車窓に雪を頂いた日光連山の姿が見えて来ました。今のところどんよりとした空模様ですが、この後は回復に向かう予報となっています。
8時35分 栃木駅に到着しました。県名と同じ名前でいかにも県庁所在地っぽい駅ですが、栃木県の県庁所在地は栃木市ではなく宇都宮市です。
駅前は簡素で静かなものです。駅から少し離れると、一面にいちご畑が広がる長閑な場所です。
なにやらモンスターボール的なオブジェがありました。自分で言っておいてなんですが、私は年齢的にポケモン世代からは外れており、それこそ誰でも知っているであろうピカチュウくらいしか識別はできません。
8時40分発の出流観音行きのバスに乗車します。栃木市ふれあいバスの寺尾線と呼ばれている路線です。料金は距離に関係なく一律200円の前払いです。
交通系ICカードには対応していないので、あらかじめ小銭を用意しておきましょう。
9時34分 星野御嶽山入口バス停に到着しました。ここまでずっと「みたけさん」なのだとばかり思っていたのですが、バスの車内アナウンスを聞いてはじめて「おんたけさん」なのを知りました。
2.セツブンソウが見頃の御嶽山神社
バス停に真正面に目指す三峰山の山並みが見えました。相変わらずどんよりとした空模様ですが、予報通りであればこの後徐々に晴れて行くはずです。
こちら側から見る分にはどこにでもでもありそうな至って普通の里山ですが、裏側には石灰石の採掘場があり山肌が大きく削り取られています。
御嶽山神社へと向かいます。バス通りを道なりに進んで、すぐに橋を渡ります。
正面に見えているピークが、御嶽山神社の奥の院がある場所です。木曽の御嶽山を中心とする御嶽信仰の山であり、修行のための霊場となっています。

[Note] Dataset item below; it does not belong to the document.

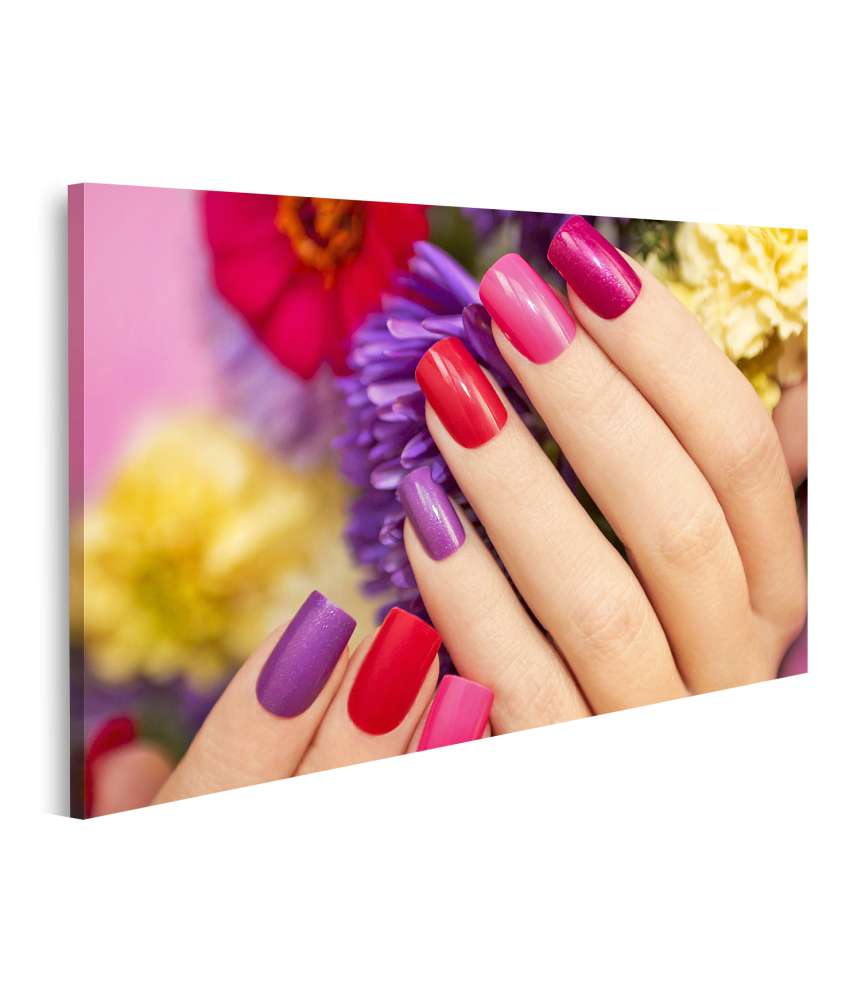 Islandburner Bild auf Leinwand Frauenhand mit farbigem Nagellack und Blumen-Nageldesign auf Wandbild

バス停からは5分とかからずに、御嶽山神社の入り口までやって来ました。ハイカーのみならず、セツブンソウが目当てだと思われる観光客の姿もチラホラとあります。
御嶽山神社を起点とした周回コースが設定されています。三峰山は現役の修行場であり、この日は見かけませんでしたが白装束を着て巡る人もいるようです。

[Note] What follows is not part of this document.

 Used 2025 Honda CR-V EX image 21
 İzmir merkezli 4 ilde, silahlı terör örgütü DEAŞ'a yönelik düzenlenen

それで、肝心なセツブンソウの自生地はどこにあるのでしょうか。境内を少し探してみましょう。
と思った矢先に、探すまでもなく足元いっぱいに咲いていました。環境省の絶滅危惧種レッドリストにも登録されている大変希少な花です。まかり間違っても踏んづけてしまわないように、足元には要注意です。
新春のちょうど節分の頃に芽吹くことからセツブンソウと呼ばれています。その頃に芽が出ると言うだけで、開花するのはだいたい2月も中旬を過ぎた頃からになります。
セツブンソウの群生地と言えば、秩父の小鹿野町にあるセツブンソウ園が特に有名です。御嶽山神社の群生地は、小鹿野町に比べるとずっと小規模です。その分だけ、人も少なく空いていました。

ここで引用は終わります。